- **To do**
An exact copy of every entry is required, without the pictures.
Data START
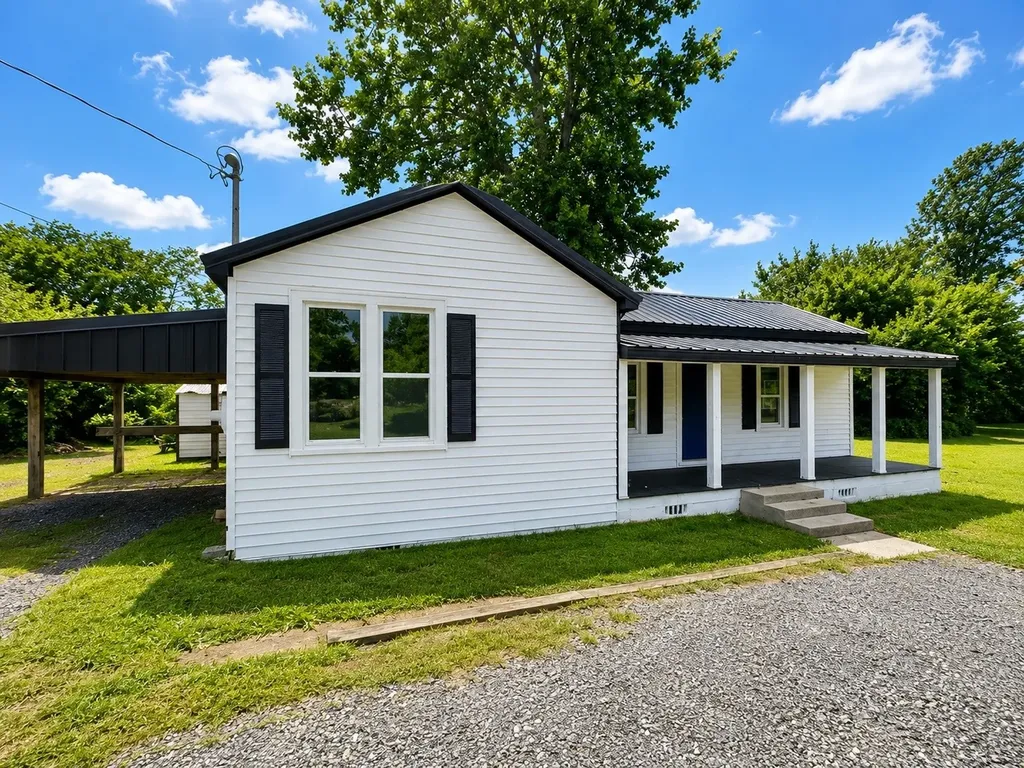 113 Depot Street Summertown TN 38483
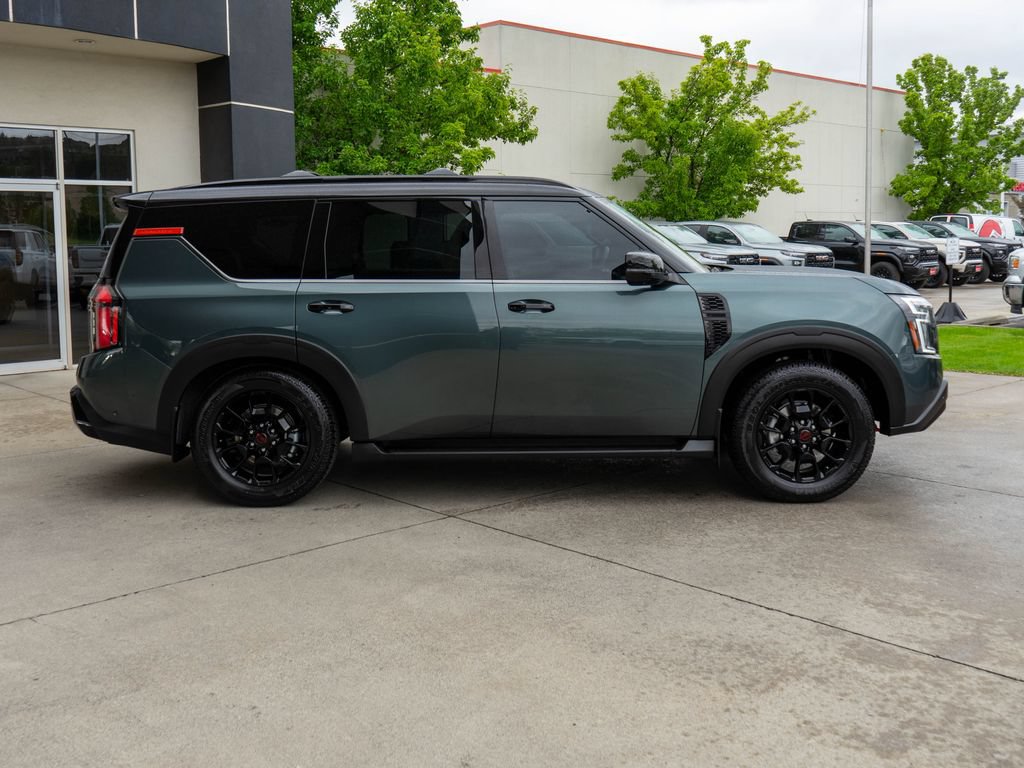 Used 2026 Nissan Armada PRO-4X AWD/4WD image 8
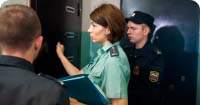 Судебные приставы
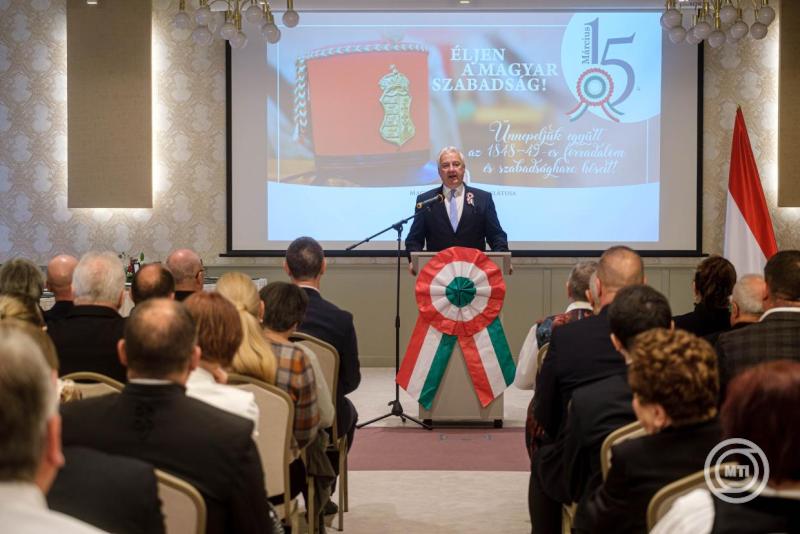 Március 15. - Állami kitüntetéseket adott át Semjén Zsolt Csíkszeredában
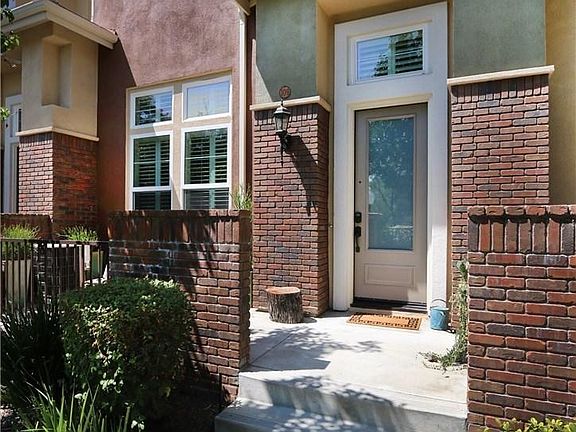 3rd image of 109 Principia Ct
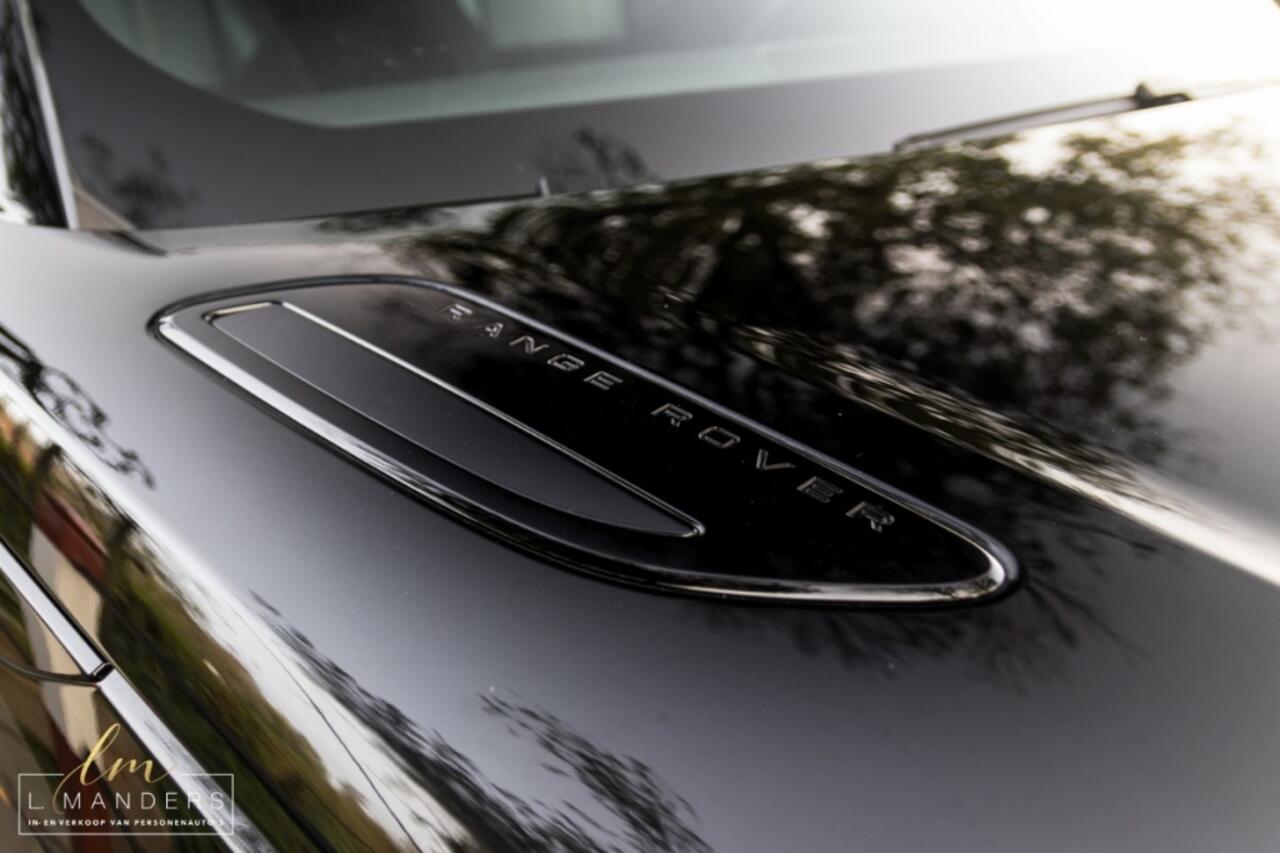 Land Rover Velar Range Rover 2.0 D180 AWD R-Dynamic S 2020 ZWART | Diesel | SUV | Trekhaak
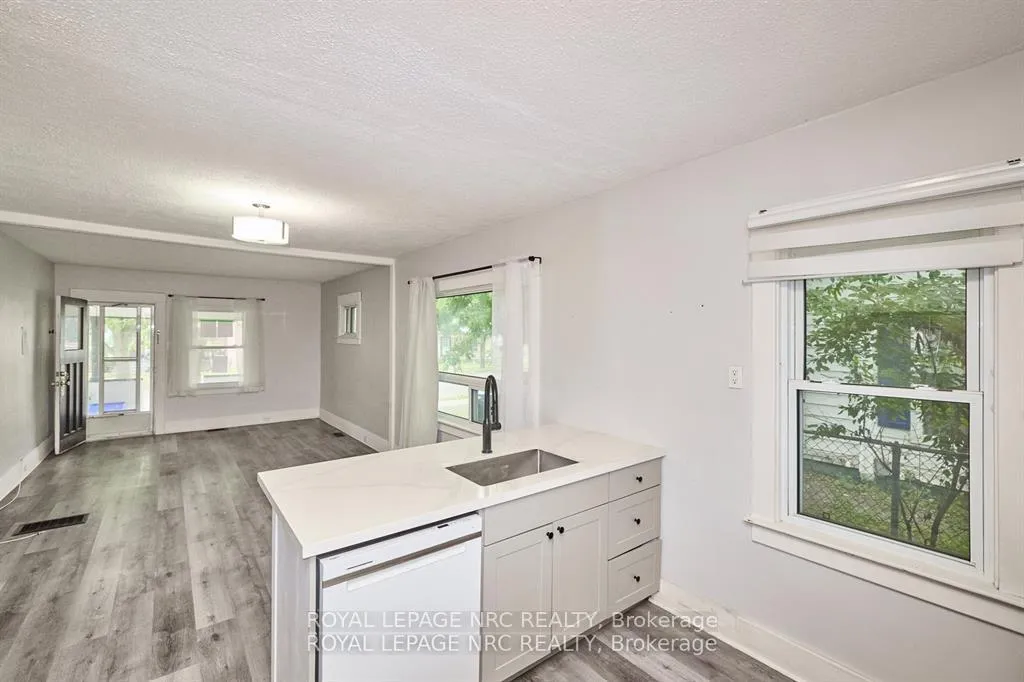 Photo 17 of 108 Carlton Street, St. Catharines, Haig — HOMEH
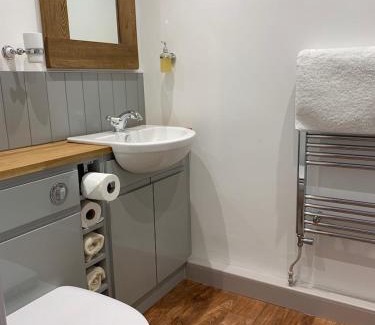 Whiteparish Apartment | Experience Comfort at Newton Farmhouse with Breakfast Included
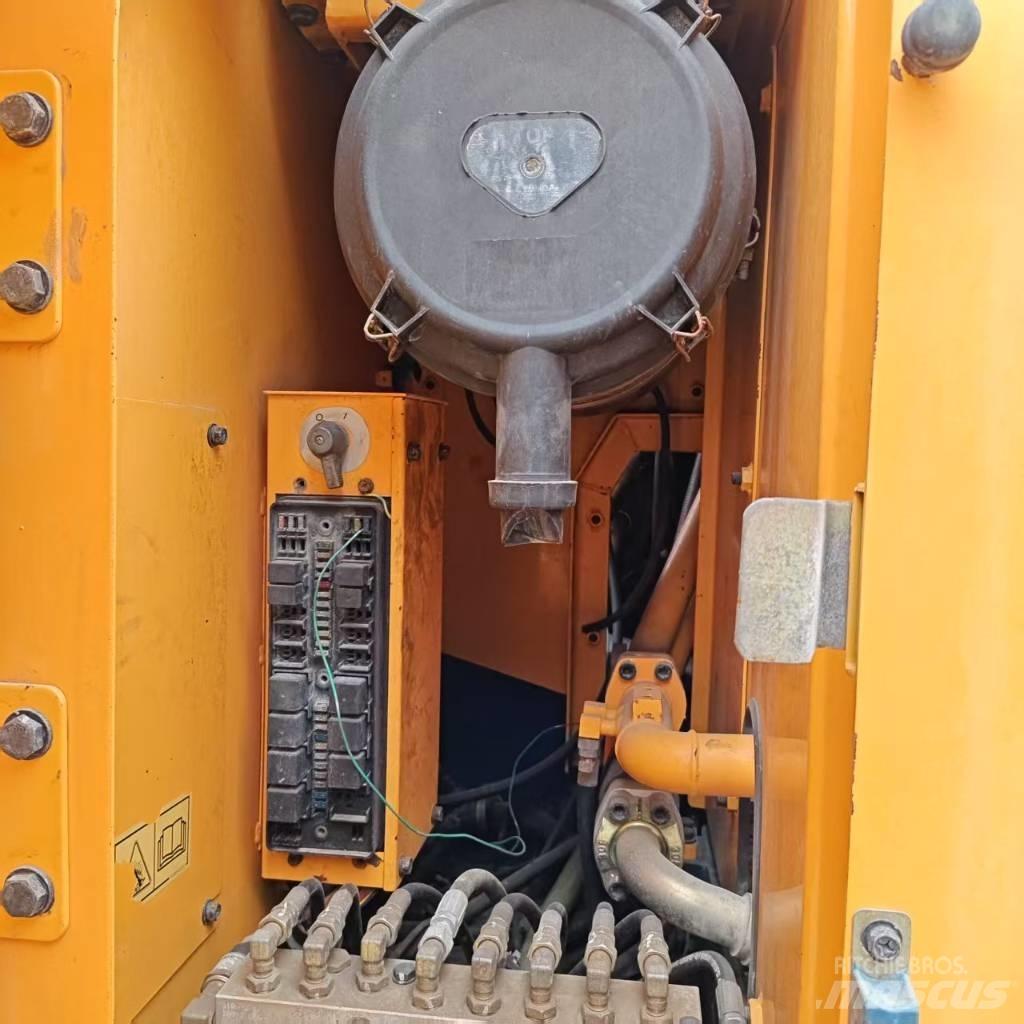 Hyundai 220lc-9s Rupsgraafmachines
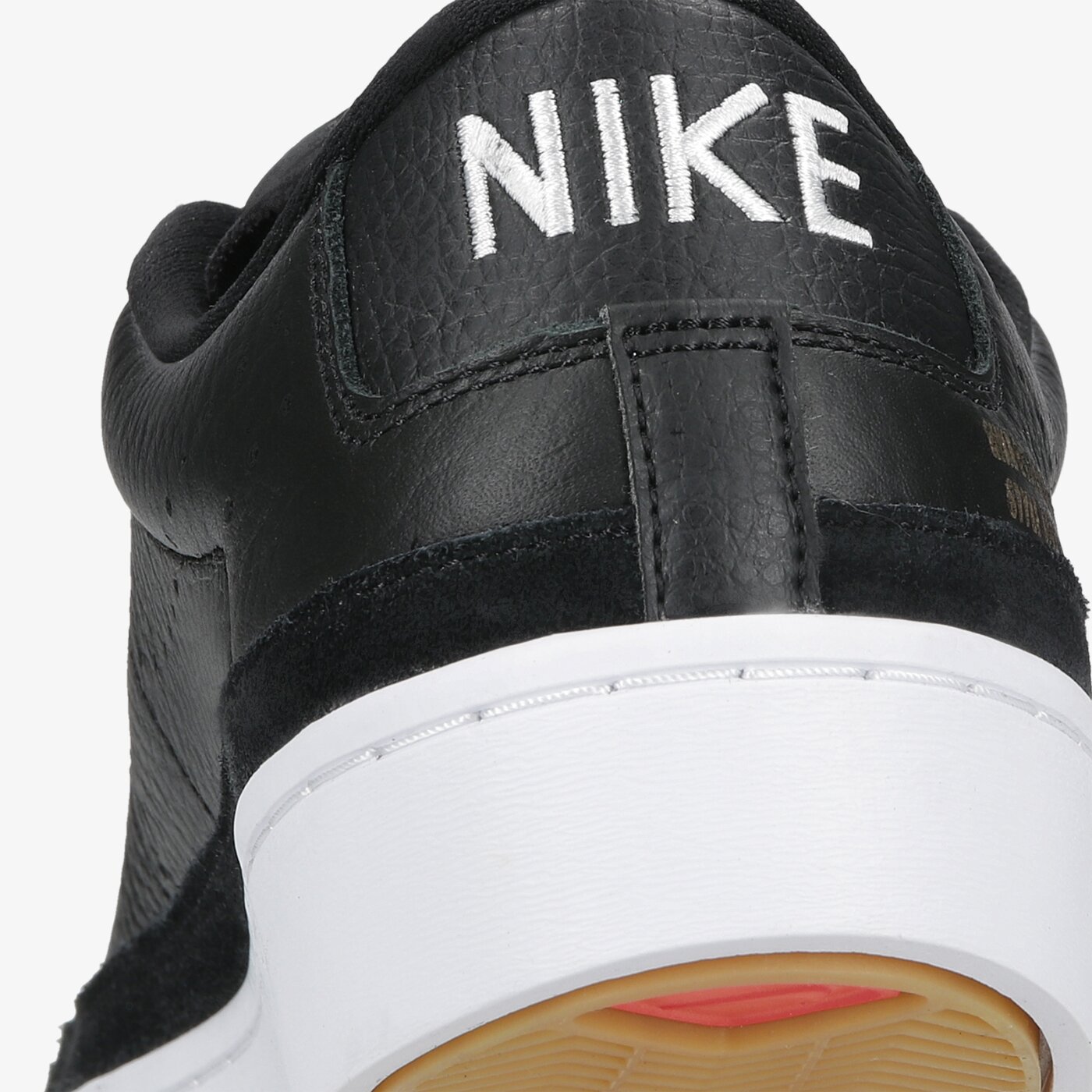 Мъжки маратонки NIKE BLAZER LOW  da2045-001 цвят черен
Data END
- **Answer to this problem**
 113 Depot Street Summertown TN 38483
 Used 2026 Nissan Armada PRO-4X AWD/4WD image 8
 Судебные приставы
 Március 15. - Állami kitüntetéseket adott át Semjén Zsolt Csíkszeredában
 3rd image of 109 Principia Ct
 Land Rover Velar Range Rover 2.0 D180 AWD R-Dynamic S 2020 ZWART | Diesel | SUV | Trekhaak
 Photo 17 of 108 Carlton Street, St. Catharines, Haig — HOMEH
 Whiteparish Apartment | Experience Comfort at Newton Farmhouse with Breakfast Included
 Hyundai 220lc-9s Rupsgraafmachines
 Мъжки маратонки NIKE BLAZER LOW  da2045-001 цвят черен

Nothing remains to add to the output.